▶ **About this task**:
Return nothing but the lines from the one with "Large Double Door" through the one with "DEXTRUS 6ft Artificial" in the data below, word for word and without pictures.

▶ **Records supplied**:

——————————

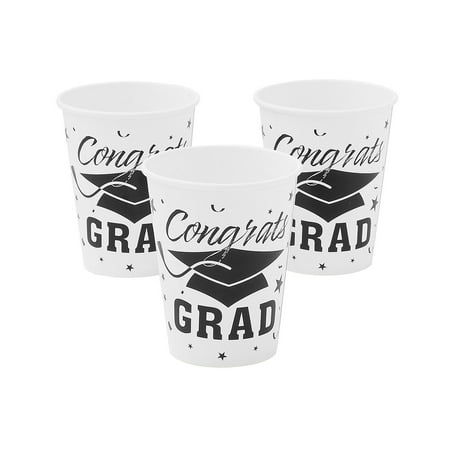 White Congrats Grad Paper Cups, Party Supplies, Graduation, 25 Pieces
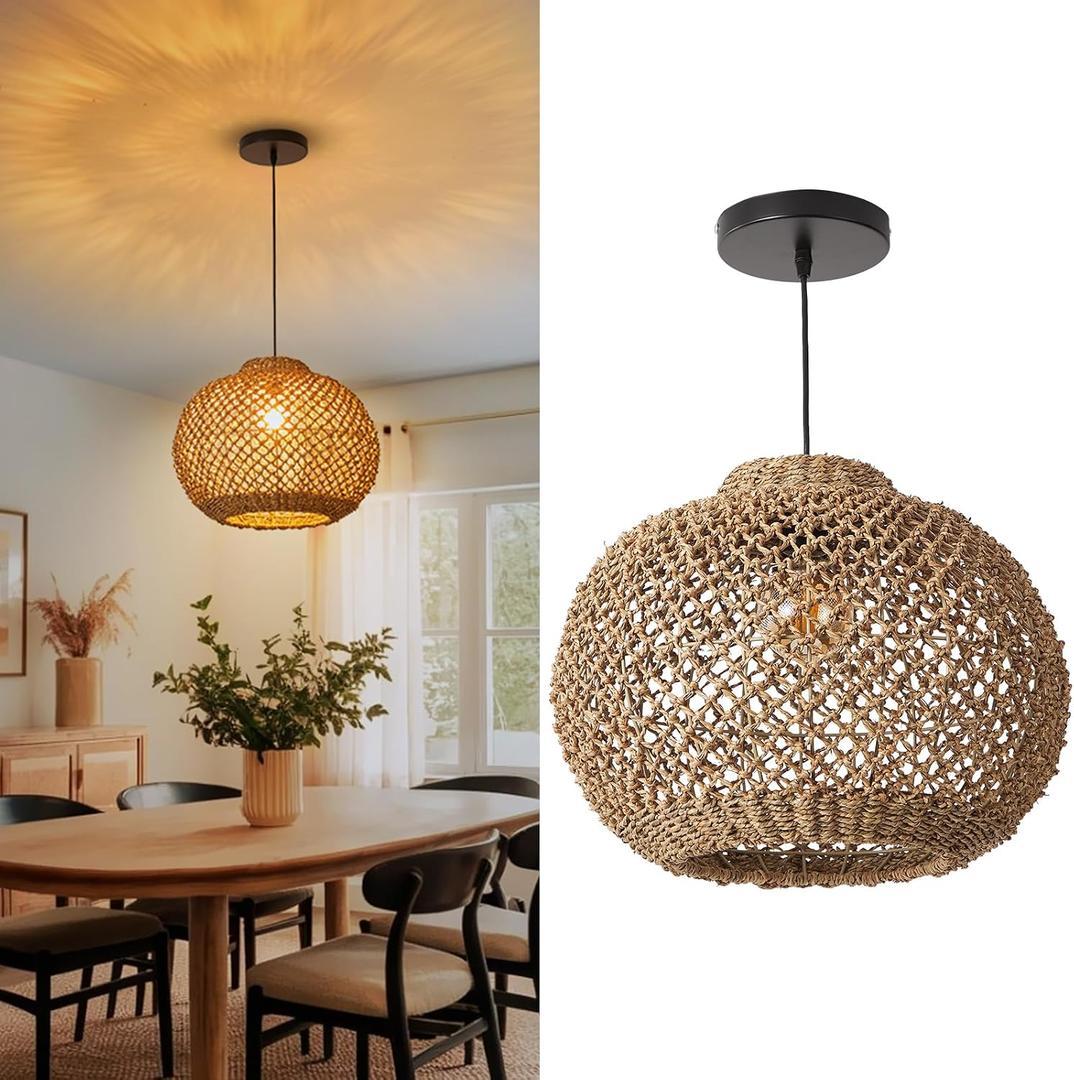 Arturesthome Rattan Woven Pendant Lights Shades, Hand-Woven Boho Chandelier Lighting, Handmade Hanging Lamp Crafts Lampshade for Dining Room W 16.5", 16.5" * 12.9"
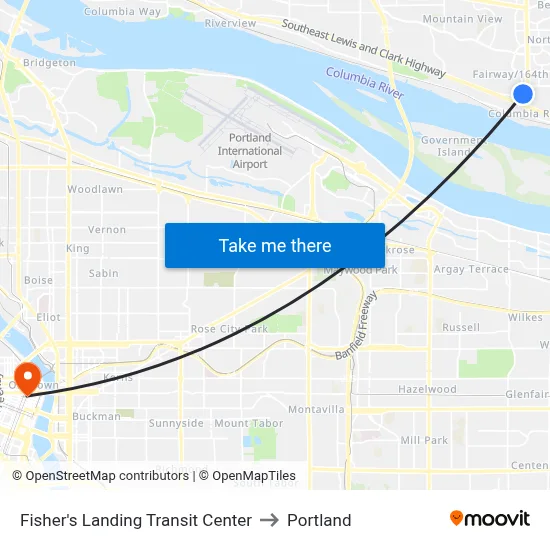 Fisher's Landing Transit Center to Portland map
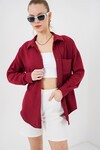20153 Tek Cepli Oversize Keten Gömlek - Bordo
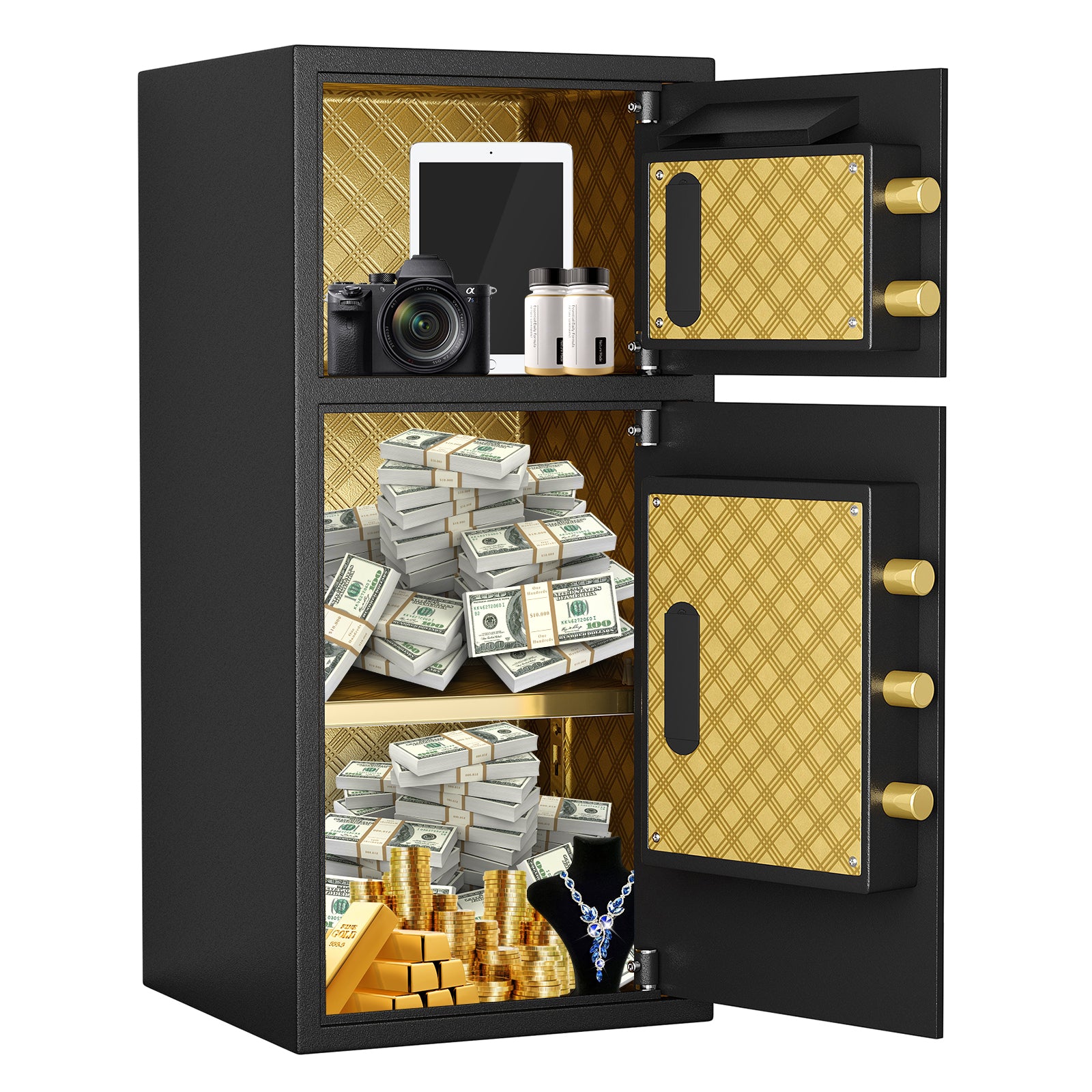 Large Double Door Coin Operated Safe,Digital Security Safe With Fireproof And Waterproof Bag,5.0 Cubic Feet Safe Box With Hidden Code Function For Home,Office And Hotel Black Steel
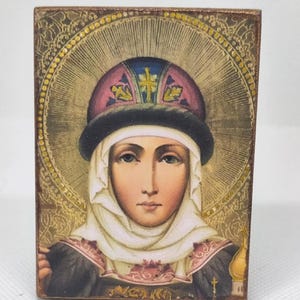 Saint Olga of Kyiv Icon – Handmade Wooden Orthodox Plaque – Christian Religious Art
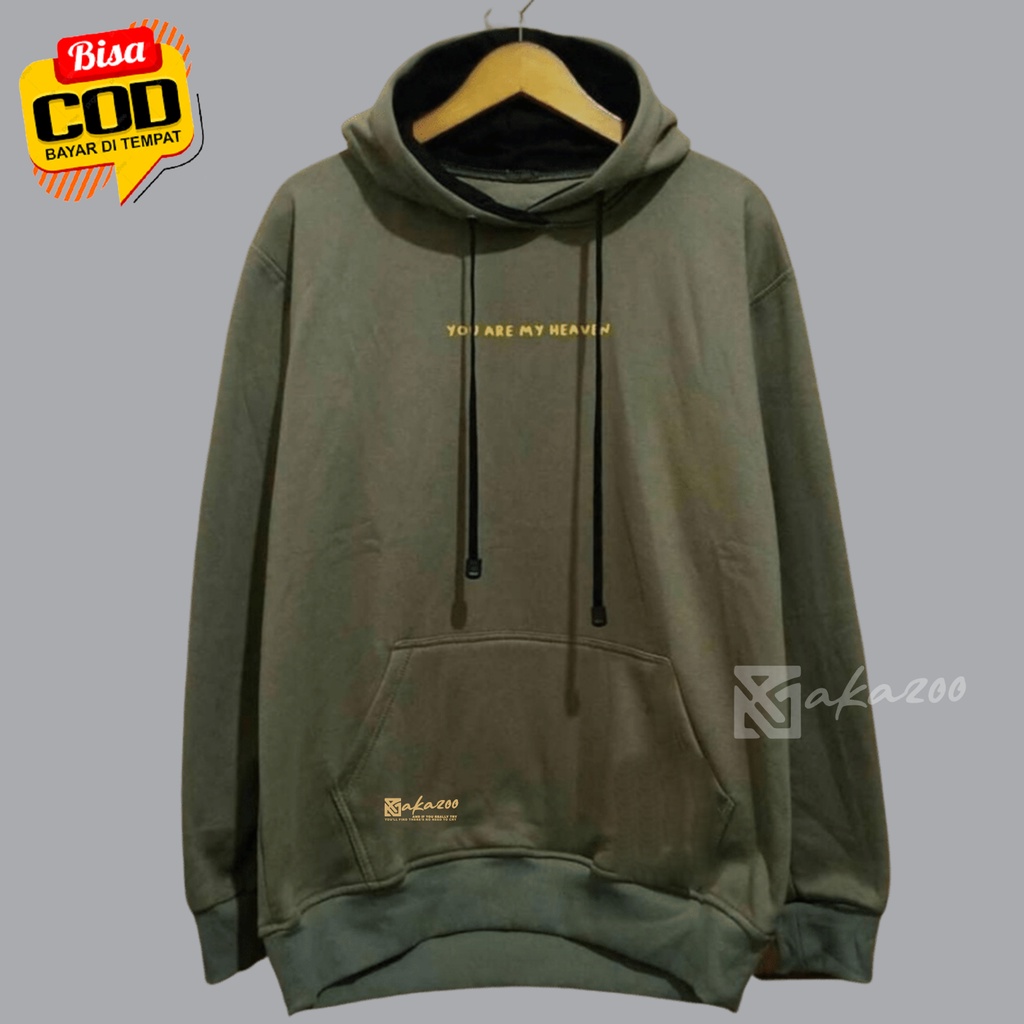 ziper hoodie pria original Sablon you are heavin Warna Hijau Army sweater pria distro jumbo hoodie oversize korean style pria hoodie akazoo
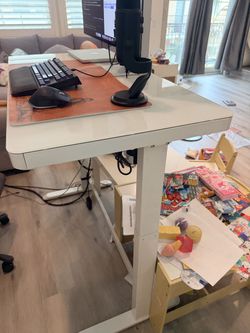 FlexiSpot Comhar Electric Standing Desk with Glass Top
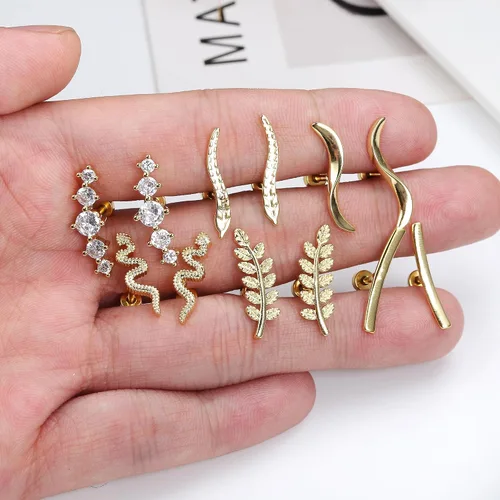 Vista 6 de Besteel Juego de 6 pares de aretes de acero inoxidable de 0.56 oz para cartílago de circonita cúbica para mujeres y niñas, flor de ópalo, hélice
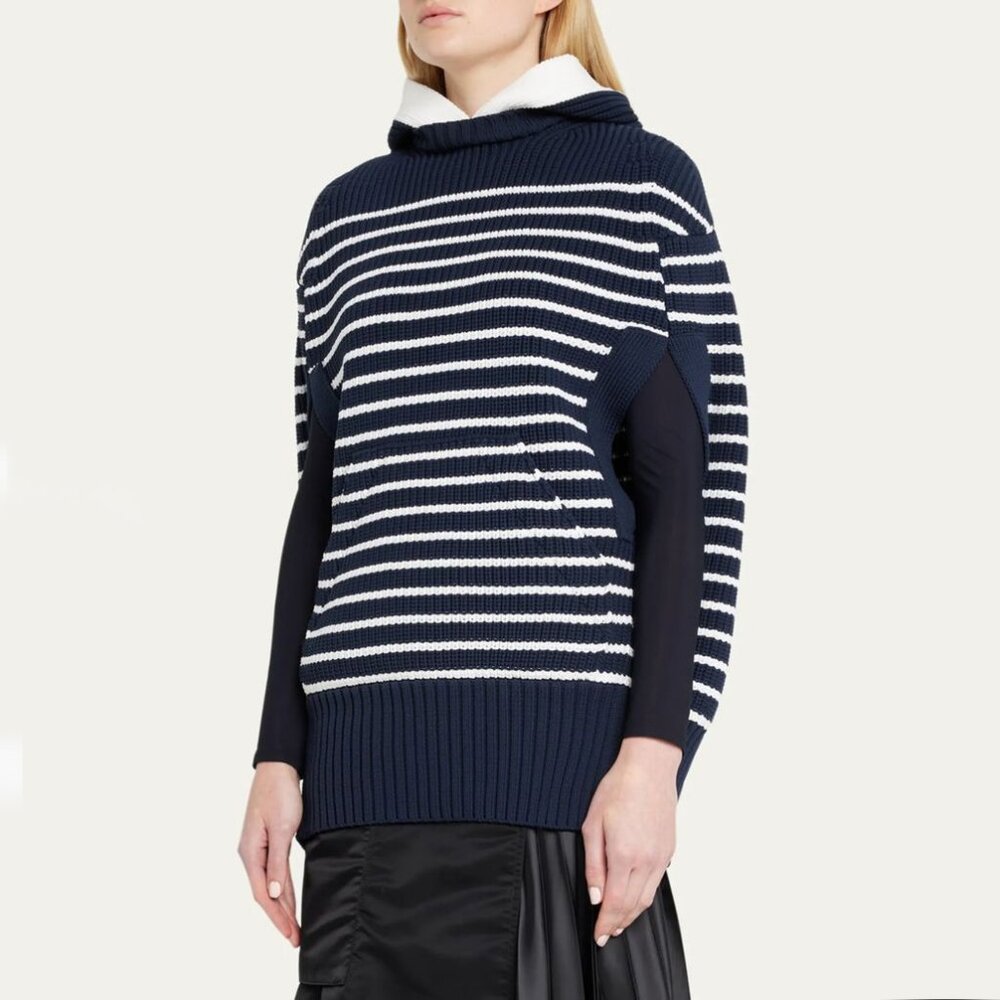 NWT Sacai Striped Cape With Hood in Navy, size "1" (fits S/M)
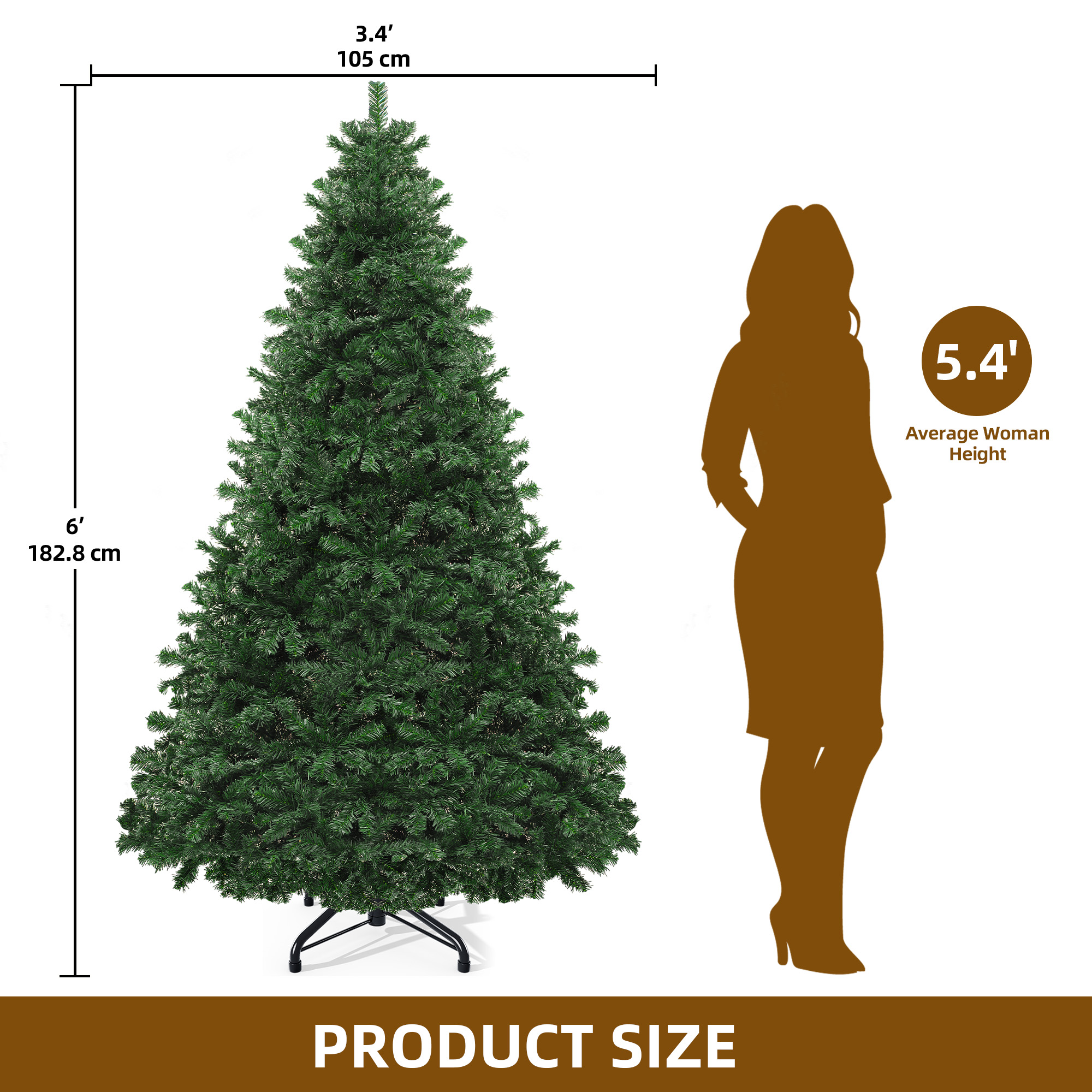 DEXTRUS 6ft Artificial Spruce Christmas Tree with Metal Base photo 2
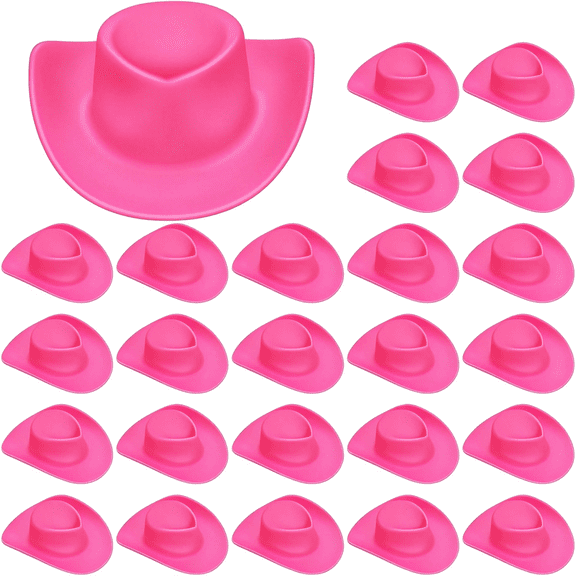 BESTSKY 30 Pcs Mini Cowboy Hat,Plastic Miniature Western Cowgirl Hat,Cute Cupcake Toppers for Party Accessories,Tiny Cute Doll for Crafts Jewelry Making Decoration (Pink)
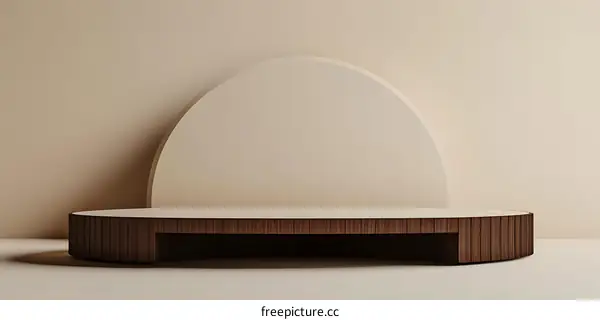 Beige Minimalist Wooden Display Podium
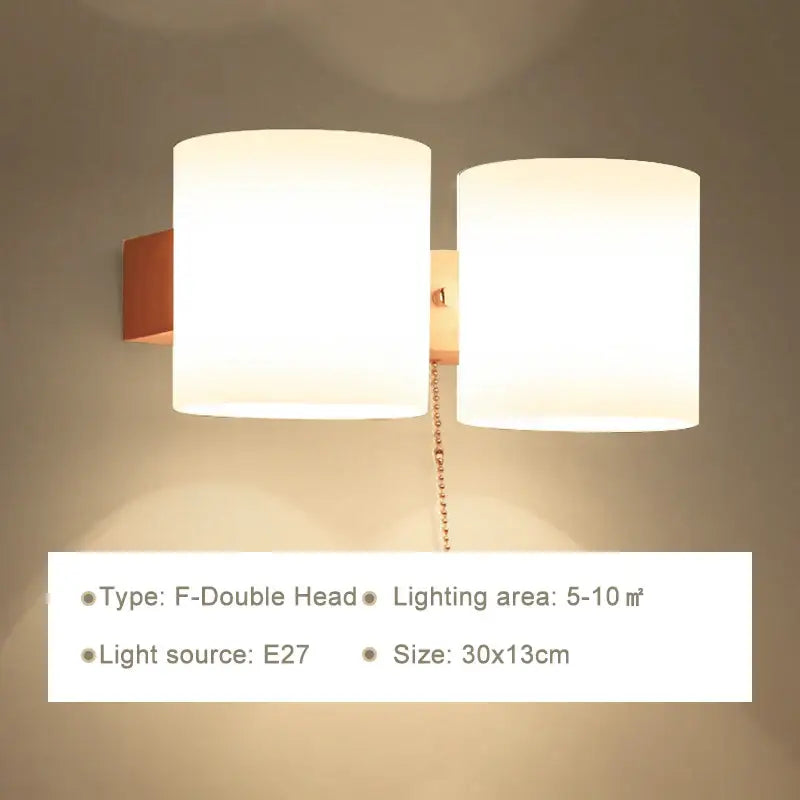 Minimalist frosted glass wooden wall lamp for bedroom with pull chain
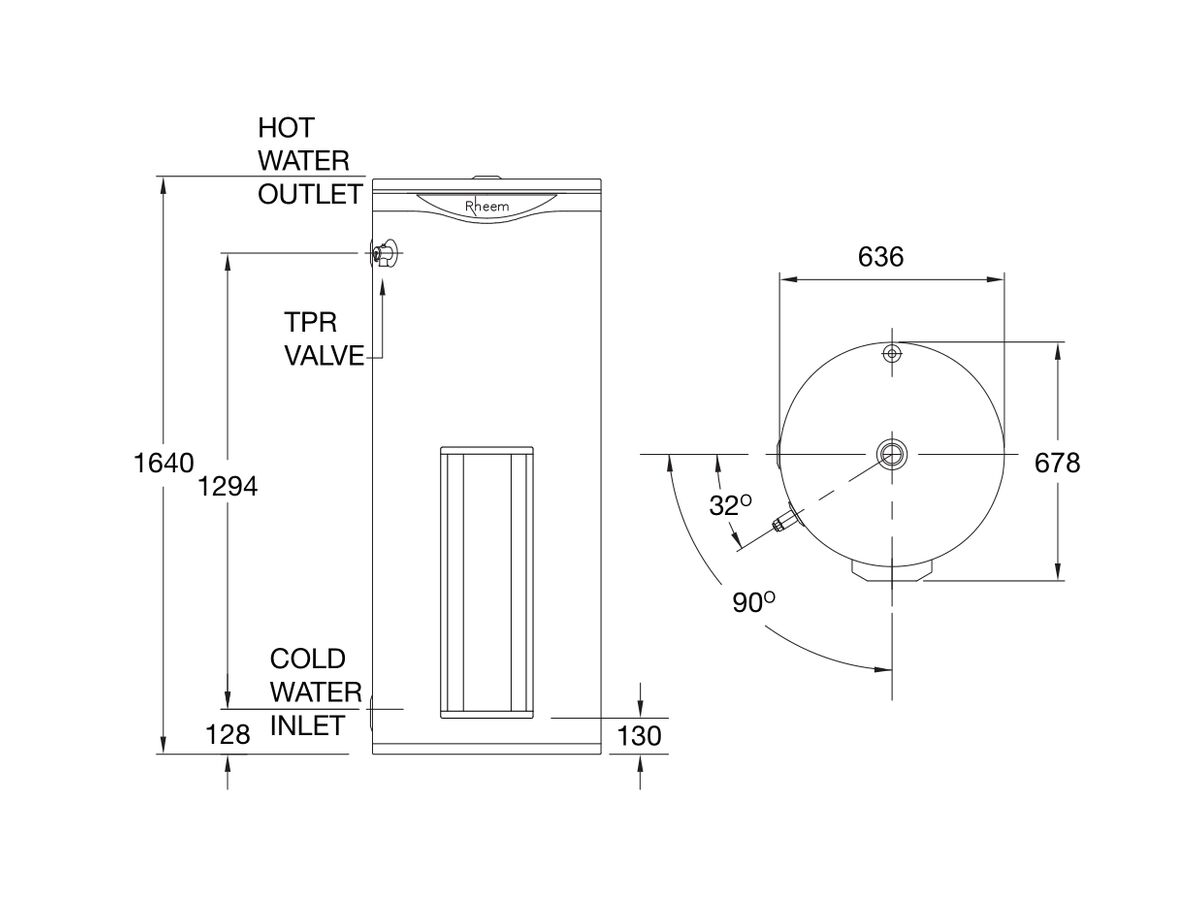 Reece Rheem 315L 4.8kW Heavy Duty Electric Hot Water System - 616/315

——————————

▶ **Result of the task**:
 Large Double Door Coin Operated Safe,Digital Security Safe With Fireproof And Waterproof Bag,5.0 Cubic Feet Safe Box With Hidden Code Function For Home,Office And Hotel Black Steel
 Saint Olga of Kyiv Icon – Handmade Wooden Orthodox Plaque – Christian Religious Art
 ziper hoodie pria original Sablon you are heavin Warna Hijau Army sweater pria distro jumbo hoodie oversize korean style pria hoodie akazoo
 FlexiSpot Comhar Electric Standing Desk with Glass Top
 Vista 6 de Besteel Juego de 6 pares de aretes de acero inoxidable de 0.56 oz para cartílago de circonita cúbica para mujeres y niñas, flor de ópalo, hélice
 NWT Sacai Striped Cape With Hood in Navy, size "1" (fits S/M)
 DEXTRUS 6ft Artificial Spruce Christmas Tree with Metal Base photo 2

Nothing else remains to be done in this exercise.